GBK to CSV -Biopython parsing for locus_tag and seq only
1
0
Entering edit mode
4.8 years ago
mswyers • 0

Hey everyone, I'm very new to bioinformatics and python in general, and haven't had any luck with finding a good way to do this.

My current pipeline outputs a multi-entry .gbk file that contains multiple CDS features per contig annotated. From this, I would like to pull out the locus_tag and the nucleotide sequence for each CDS feature (not contig) and have that output to a simple csv file.

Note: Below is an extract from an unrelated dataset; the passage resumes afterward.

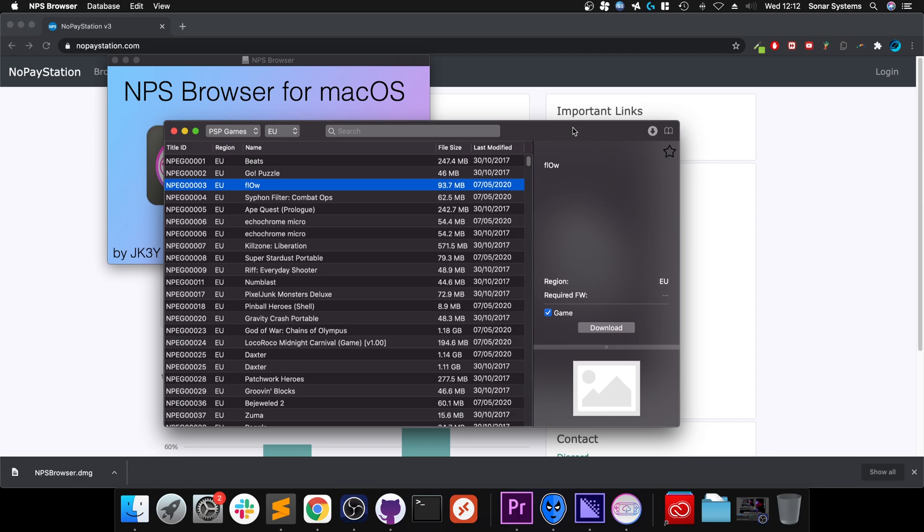That's how you set up the NPS Browser for your Mac. And like I said, this is for educational purposes, not condoning piracy. If you have any questions, feel free to check out our Discord group. There will be a channel for PSP and all of that good stuff, and ROMs and emulators. And as usual, I look forward to seeing you in the next video.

What I've tried is from this github link: https://github.com/dewshr/NCBI-GenBank-file-parser

But I'm getting an indexing error that I'm not sure how to correct since I don't know much about the code:

 Traceback (most recent call last):
  File "/home/seq/gbknuctest.py", line 128, in <module>
    ntgenbank()
  File "/home/seq/gbknuctest.py", line 50, in ntgenbank
    nm_version = (nm_and_version.split('.')[1]).strip('\n')
IndexError: list index out of range

I'm sure there's a much more concise way to do this, but reading through the cookbook and stumbling around hasn't gotten me anywhere so far.

Output of python -V to show it's not due to a py3/py2 difference:

$ python -V
Python 2.7.15

Thanks so much in advance.

python • 2.3k views
ADD COMMENT
3
Entering edit mode
4.8 years ago
Joe 21k

Give this a try?

Usage:
# python extractNAfeatures.py genbank.gbk outfile.csv

from Bio import SeqIO
import sys

with open(sys.argv[2], "w") as nfh:
    for rec in SeqIO.parse(sys.argv[1], "genbank"):
        if rec.features:
            for feature in rec.features:
                if feature.type == "CDS":
                    nfh.write(">%s from %s,%s\n" %
                             (feature.qualifiers["locus_tag"][0],
                              rec.name,
                              feature.location.extract(rec).seq))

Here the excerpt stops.